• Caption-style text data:
-------

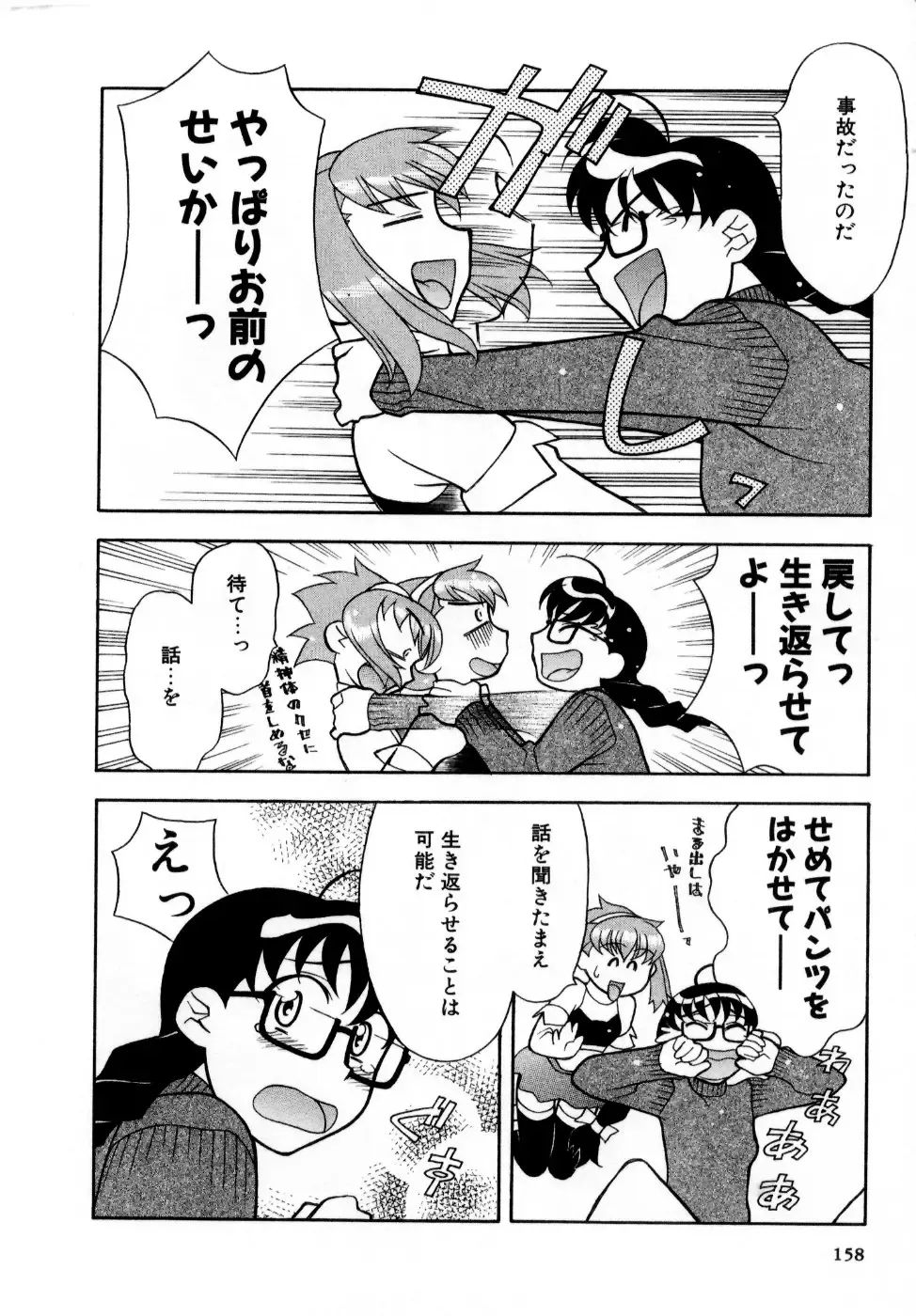 [Yanagi Masashi] Ona Chan Fhentai - Page 160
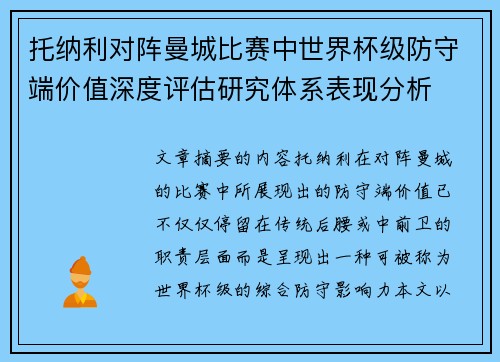 托纳利对阵曼城比赛中世界杯级防守端价值深度评估研究体系表现分析 托纳利对阵曼城比赛中世界杯级防守端价值深度评估研究体系表现分析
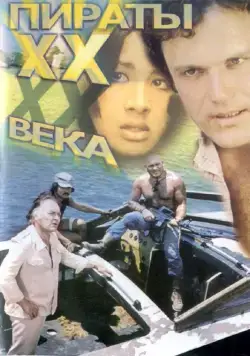 Скачать Пираты ХХ века (1979)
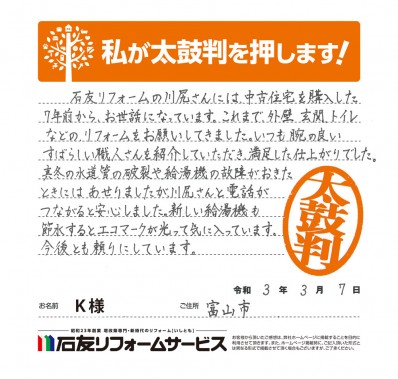 富山県富山市Ｋ様からの太鼓判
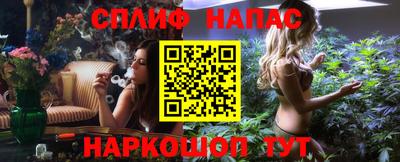 Альфа ПВП Лесосибирск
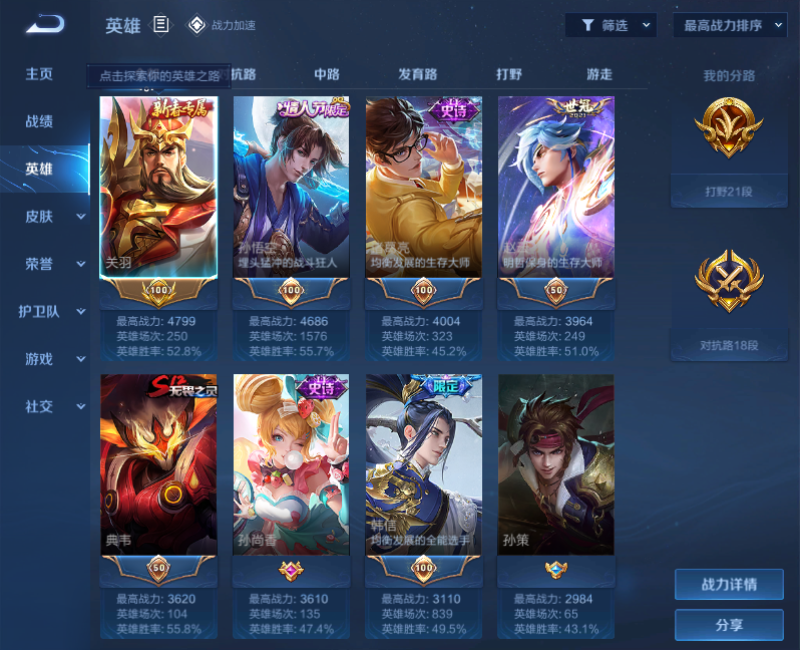 WZPX2125931王者荣耀账号详情图3 WZPX2125931王者荣耀账号详情图3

-------

• WHAT IS NEEDED:
The range to transcribe runs from the line holding "Скачать Пираты ХХ века (1979)" through the final line of the data above; copy it exactly and exclude the pictures.

• ANSWER SECTION:
 Скачать Пираты ХХ века (1979)
 富山県富山市Ｋ様からの太鼓判
 Альфа ПВП Лесосибирск
 WZPX2125931王者荣耀账号详情图3 WZPX2125931王者荣耀账号详情图3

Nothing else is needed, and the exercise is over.